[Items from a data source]
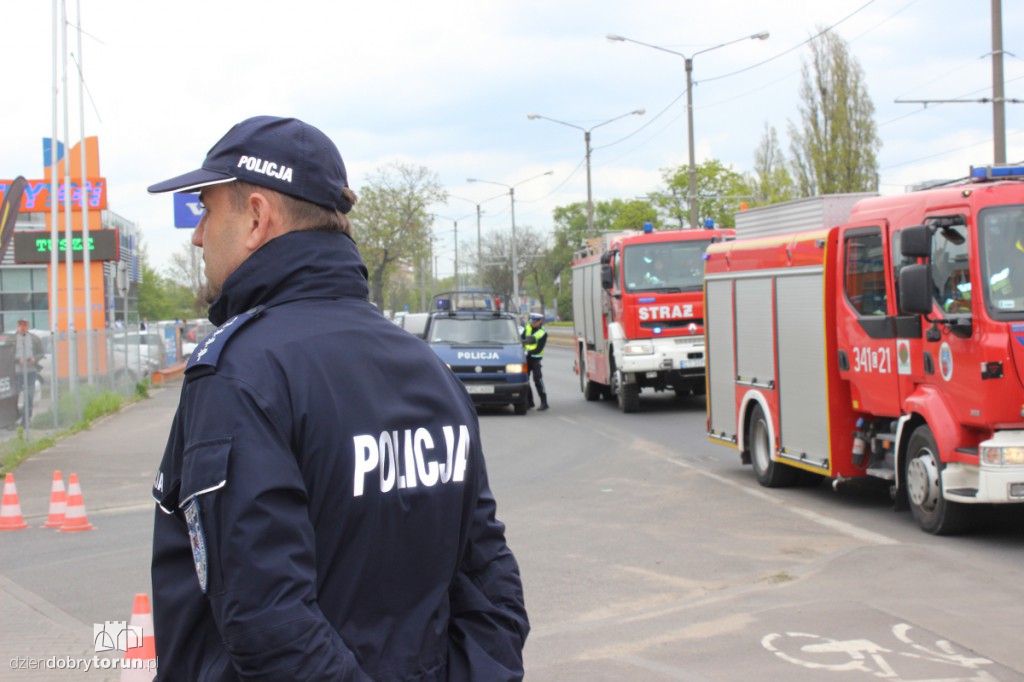 Auto wjechało w dystrybutor paliwa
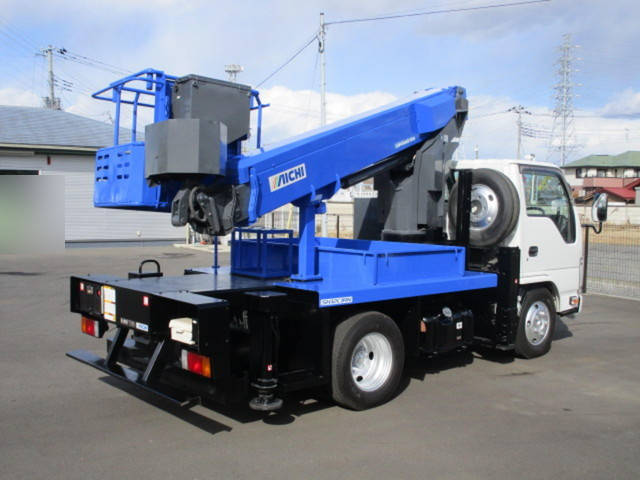 いすゞエルフ高所作業車小型（2t・3t）[写真04]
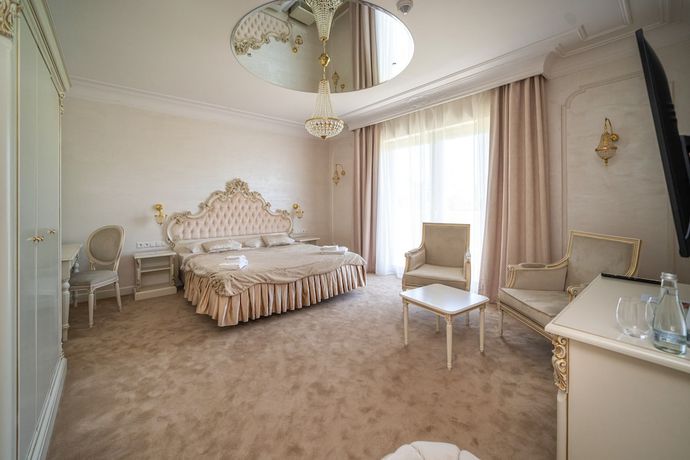 Imagen de la habitación del Hotel Kiston. Foto 15
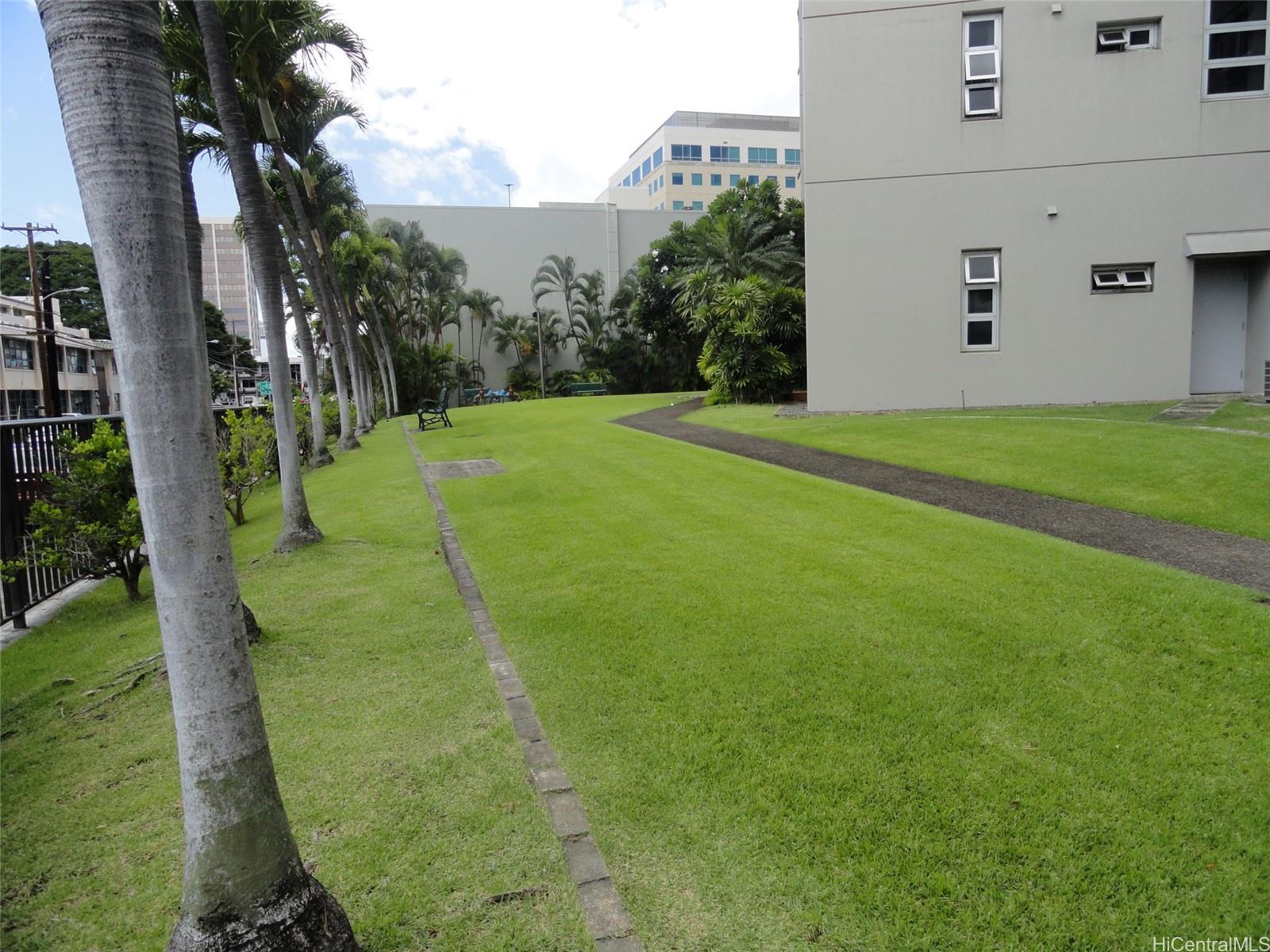 1448 Young St Honolulu - Rental - photo 15 of 18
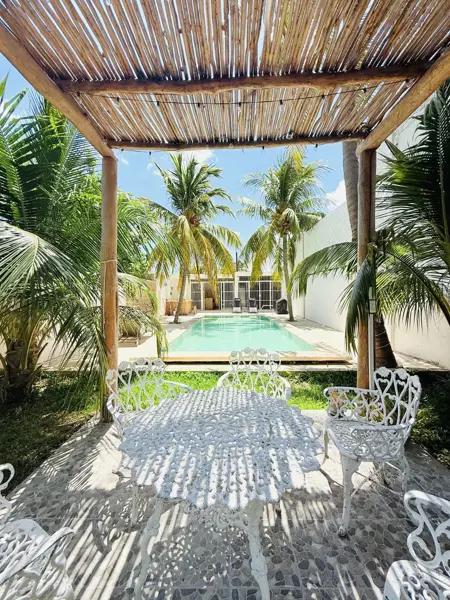 CASA EN VENTA A 60 METROS DEL MAR DE PROGRESO, YUCATAN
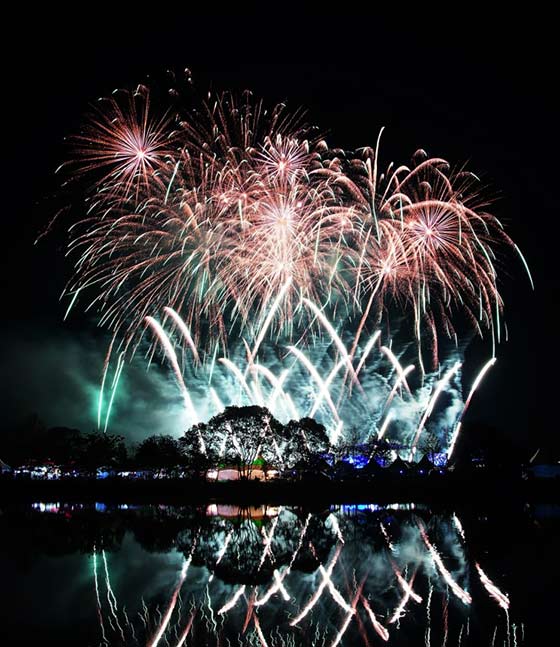 가평 자라섬에서 열리고 있는 불꽃축제의 전경. 한여름 밤의 환상적인 분위기를 경험할 수 있다. /자라섬불꽃축제 홈페이지 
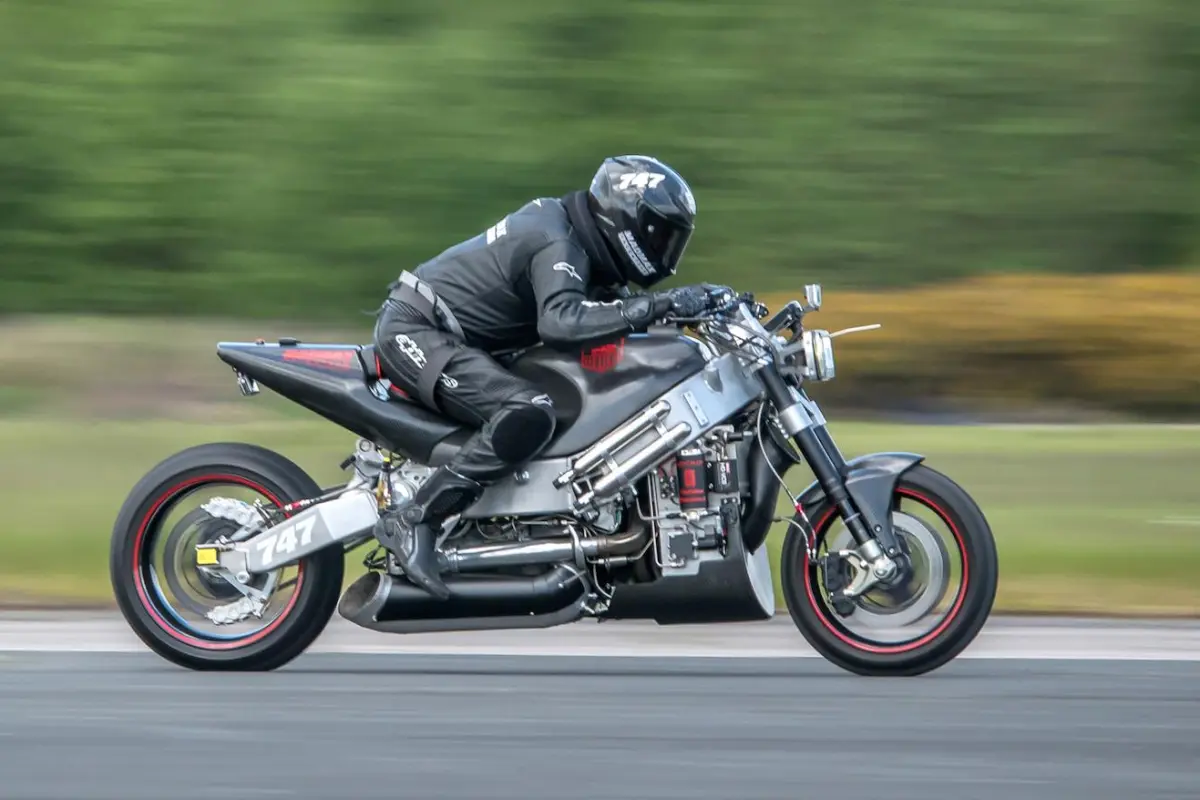 Madmax streetfighter turbine motorcycle on a record breaking attempt
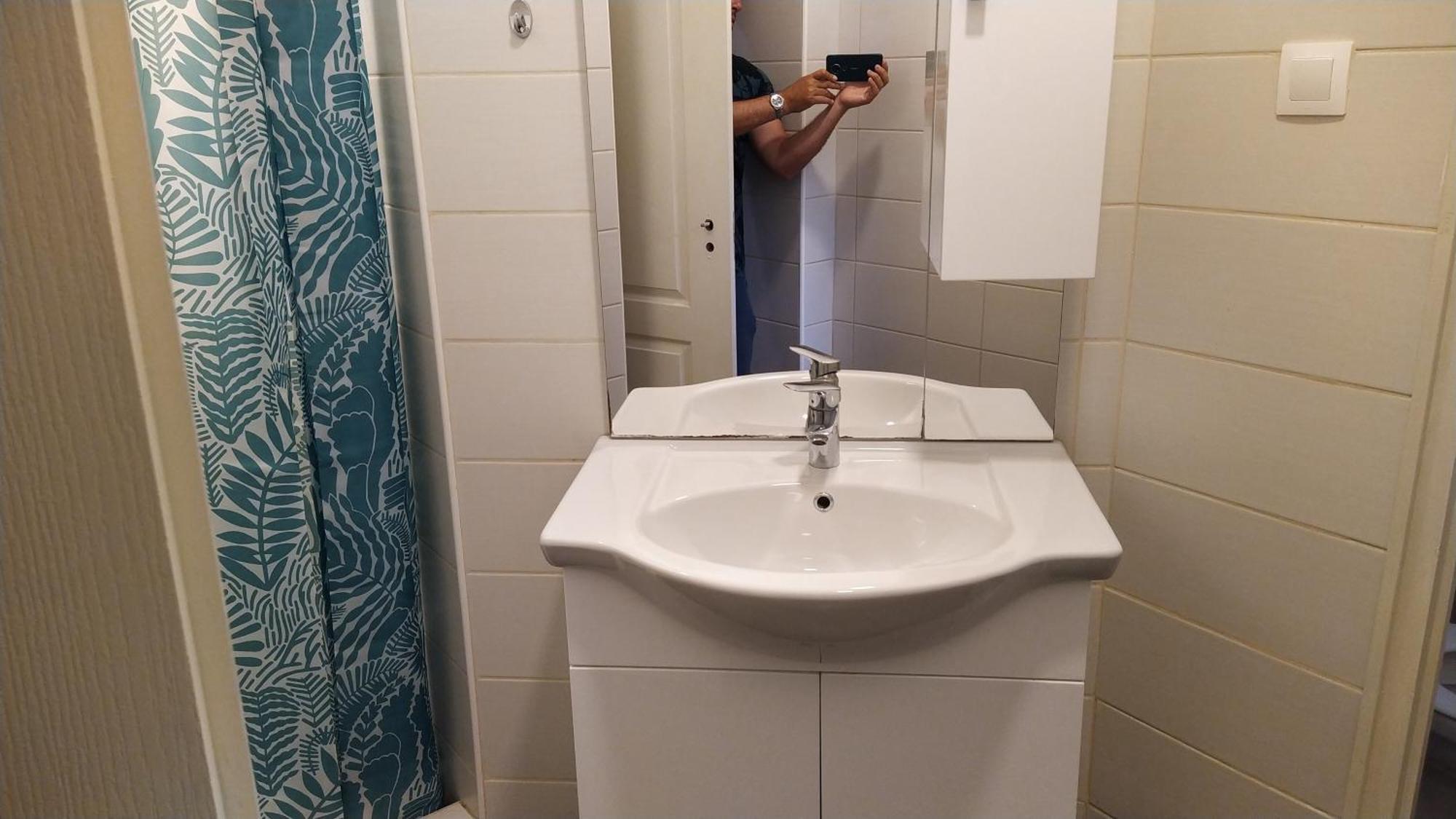 VilLa AdeLe Siófok Rom bilde
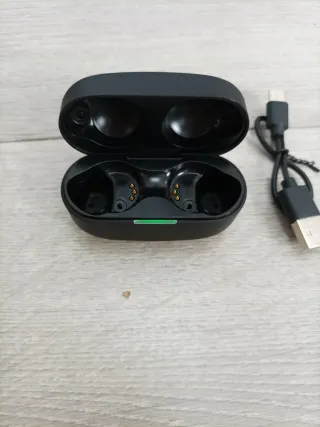 Base Caja de carga de  Auriculares Sony WF-1000XM4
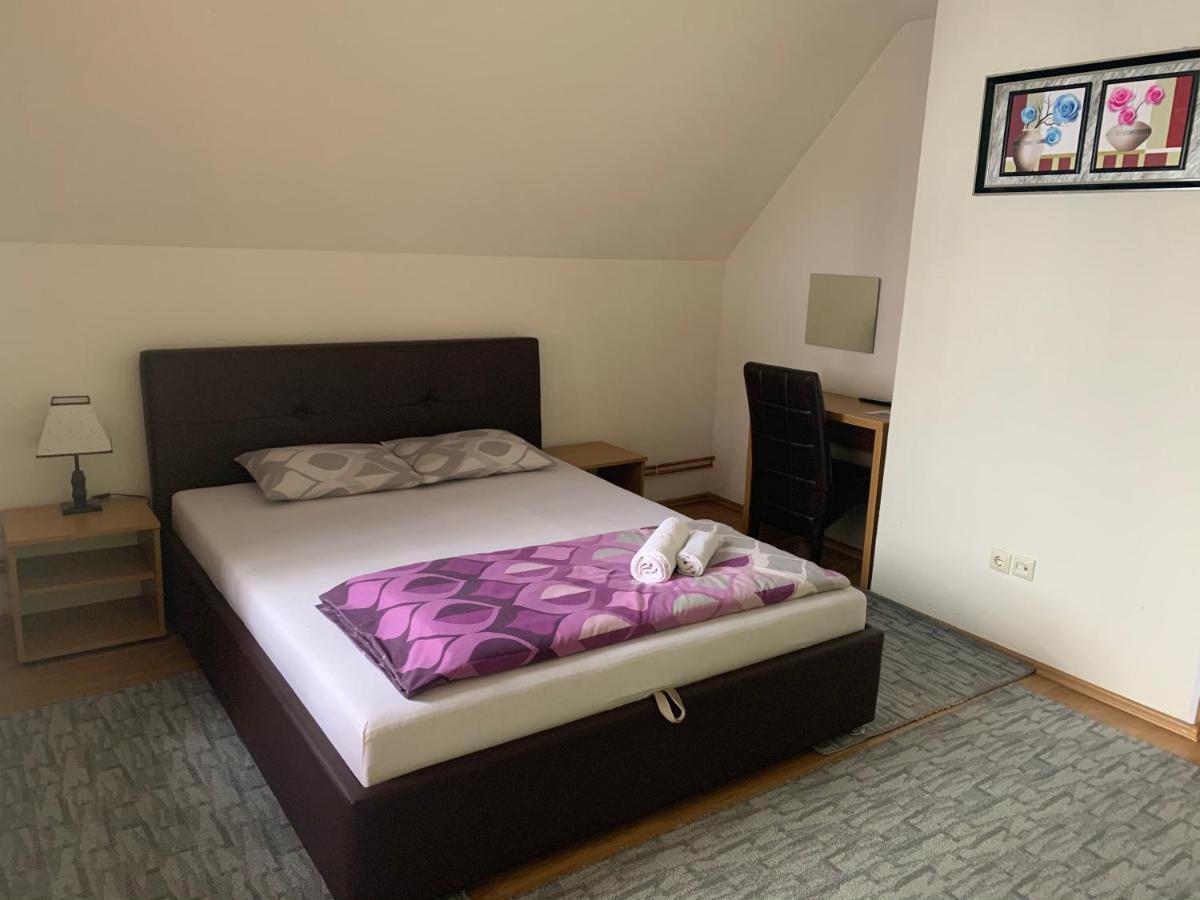Restoran&Motel And Apartmants Lovacka Prica Tesanj Eksteriør bilde
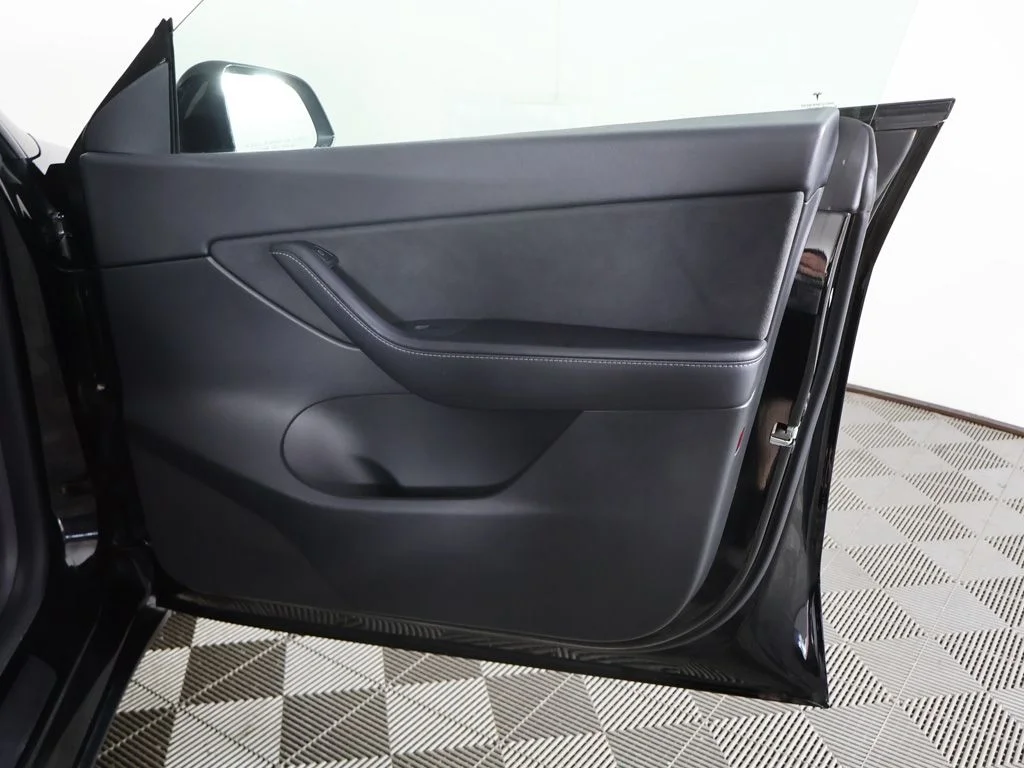 Used 2021 Black Tesla Long Range image 32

§ WORK TASK: Could the entries above be printed again exactly, apart from the pictures?

§ WRITTEN RESPONSE:
 Auto wjechało w dystrybutor paliwa
 いすゞエルフ高所作業車小型（2t・3t）[写真04]
 Imagen de la habitación del Hotel Kiston. Foto 15
 1448 Young St Honolulu - Rental - photo 15 of 18
 CASA EN VENTA A 60 METROS DEL MAR DE PROGRESO, YUCATAN
 가평 자라섬에서 열리고 있는 불꽃축제의 전경. 한여름 밤의 환상적인 분위기를 경험할 수 있다. /자라섬불꽃축제 홈페이지 
 Madmax streetfighter turbine motorcycle on a record breaking attempt
 VilLa AdeLe Siófok Rom bilde
 Base Caja de carga de  Auriculares Sony WF-1000XM4
Restoran&Motel And Apartmants Lovacka Prica Tesanj Eksteriør bilde
 Used 2021 Black Tesla Long Range image 32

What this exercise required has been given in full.